Other differences are more subtle. The tabletop has lost its amateur
standing.
"We came in and ordered a meal," says Ron. "We started
asking questions. Are these knives and forks supposed to be all different?
And sometimes bent? Is that water glass supposed to be on top of the knife
blade? If not, why is it happening? I talked to waitstaff and kitchen
staff. The frustration quotient was not low."
"It used to be, waitstaff almost never came back for a second season,"
says Mark. "Every spring we open up a completely new restaurant,
training a completely new staff. It was crazy. Now most of them come back
every year. We had a breakfast chef-breakfast is our biggest meal still-who
said, I refuse to cook for more than 75 people.' Last Saturday we did
750 people, 300 of them for breakfast-750 people in a 170-seat restaurant.
And it was a pleasure. It was leisurely! I'm walking around from table
to table, getting kidded about the Rangers. We don't rush anybody-but
customers? The more they come, the more they come, the more we eat them
up. Like Pac-Man."
It finally occurs to me that the big difference at The Batter is... everybody's
eating. Nobody's waiting for food.
"Slow service is gone forever," says Gorodesky. "And see
how long it took you to realize it? All we did was..."
"We redesigned the kitchen," says Derek. "All I had to
do was count the steps it took for waitstaff to walk in and order, walk
out and deliver food to the table."
"We redesigned the computer system," says Ron. "We made
it easier for waitstaff to order. And we set up a system of flash reports
for Mark. He doesn't want to be here 24 hours a day, why should he be?
He needs a system of reports that give him early warnings when anything's
going wrong. He can come in, fix it, leave, go watch the Flyers kick the
shit out of the Rangers."
That's what the staff tells me," Mark says. "Go home. What's
the matter, you don't have a ballgame? No Knicks? No Giants? If you can't
afford
tickets, we'll take up a collection. I tell them, Okay, have fun. And
leave. This place is like a machine now. A casual, happy machine. Thanks
to the restaurant manager-who Ron and Derek helped hire. The secret of
business is, find people smarter than you and hire them."
The redesign is so thorough and so invisible that it's hard to describe.
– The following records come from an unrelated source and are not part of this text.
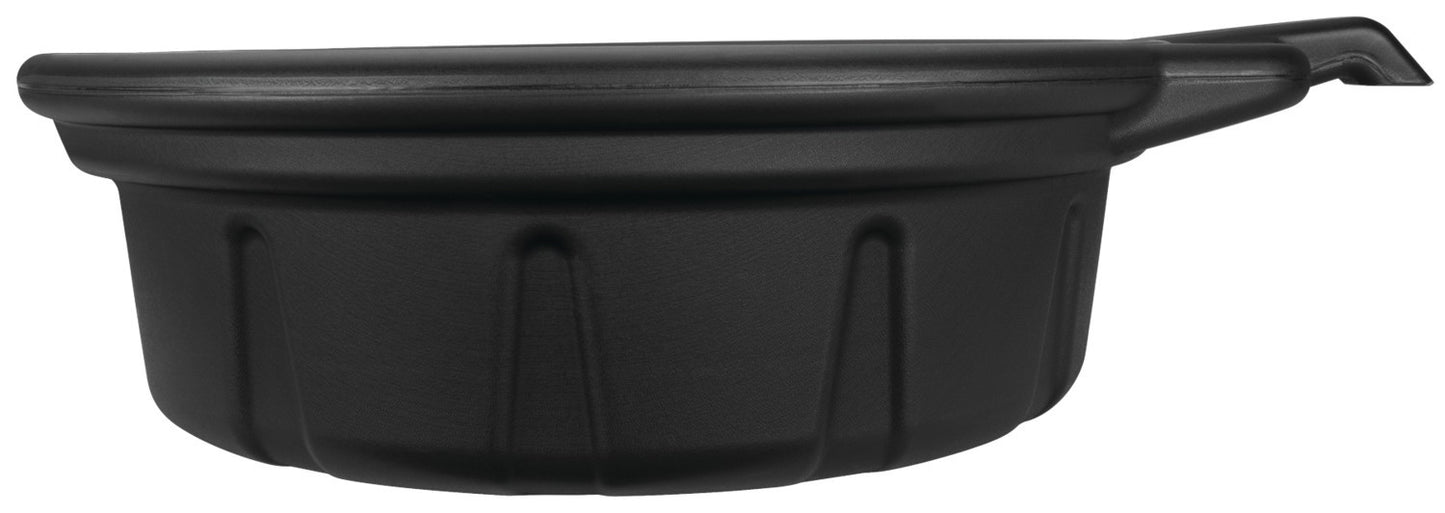 Wilmar Hand Tools W4071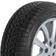 Goodyear UltraGrip Performance + SUV 255/50 R20 109H XL AO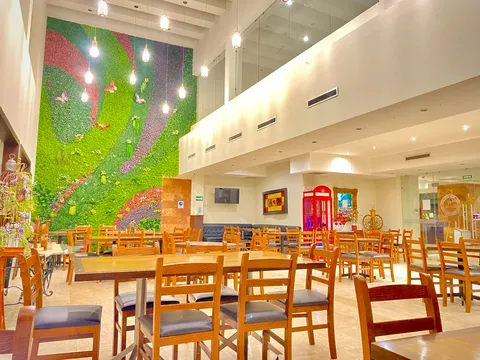 Restaurante Monalé image 1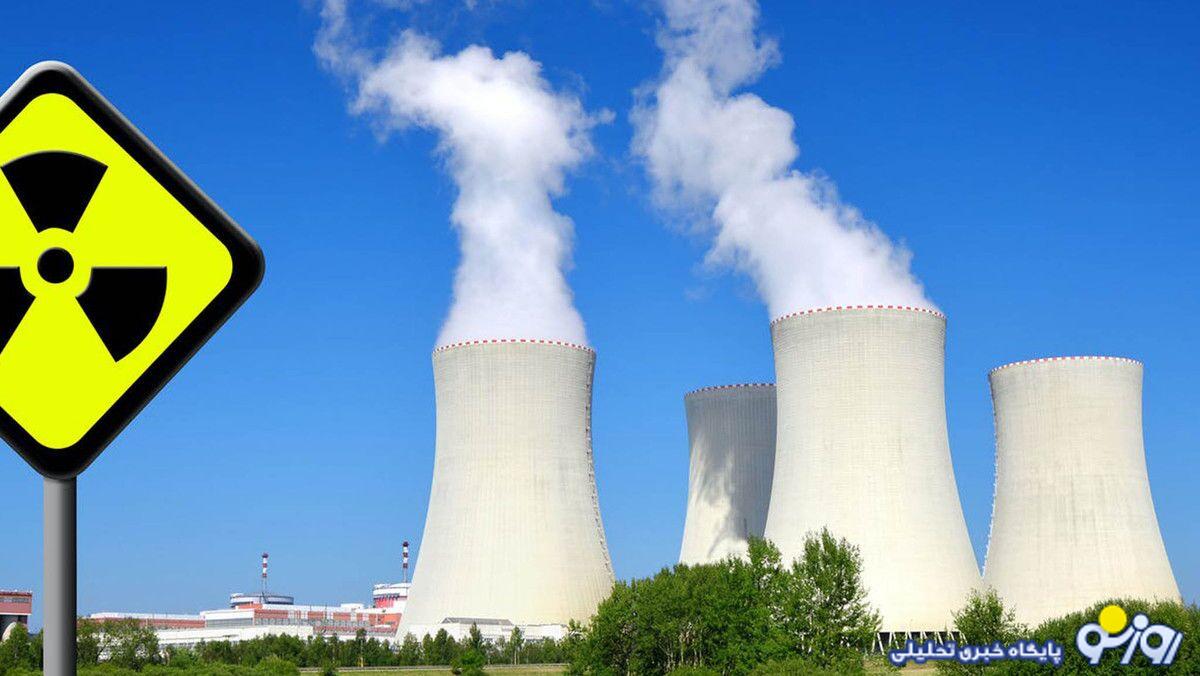 عصر سوم هستهای با روسیه آغاز خواهد شد! عصر سوم هستهای با روسیه آغاز خواهد شد!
The new kitchen gleams in organized stainless steel splendor-dirty dishes
here, clean ones automatically ready for buspersons, a real turnout line,
and at long last, a cold side for salads. A new doorway was cut through
Victorian walls so waitstaff can reach the main dining room without walking
50 steps (counted by me) around the wall where the old breakfast stoves
stood. Fifty steps, times two for both ways, times three courses, and
twice more for coffee and at least one refill is 500 steps per table times
ten tables is 5,000 steps times two and a half feet per step is around
to extra miles a night, by my count. No wonder waitstaff left. No wonder
they come back now.
"No more weeded waiters," says Mark. "Waiters like standing
in a corner of the kitchen refusing to look at anybody, like `I'm so deep
in the weeds, there's no way out.' Waiting for the rescue helicopter or
death to come. But it wasn't just spending all the money-and it was a
lot of money-on redesigning the kitchen and cutting the world's most expensive
door. It was little things, too. We used to have 40 syrup jugs for breakfast.
Now we have 100."
"You don't want staff running around stealing syrup jugs, hiding
syrup jugs, worrying about syrup jugs," says Derek. "Buy enough
syrup jugs. Customers can read frustration in staff body language. And
they don't like it. No matter how good food is."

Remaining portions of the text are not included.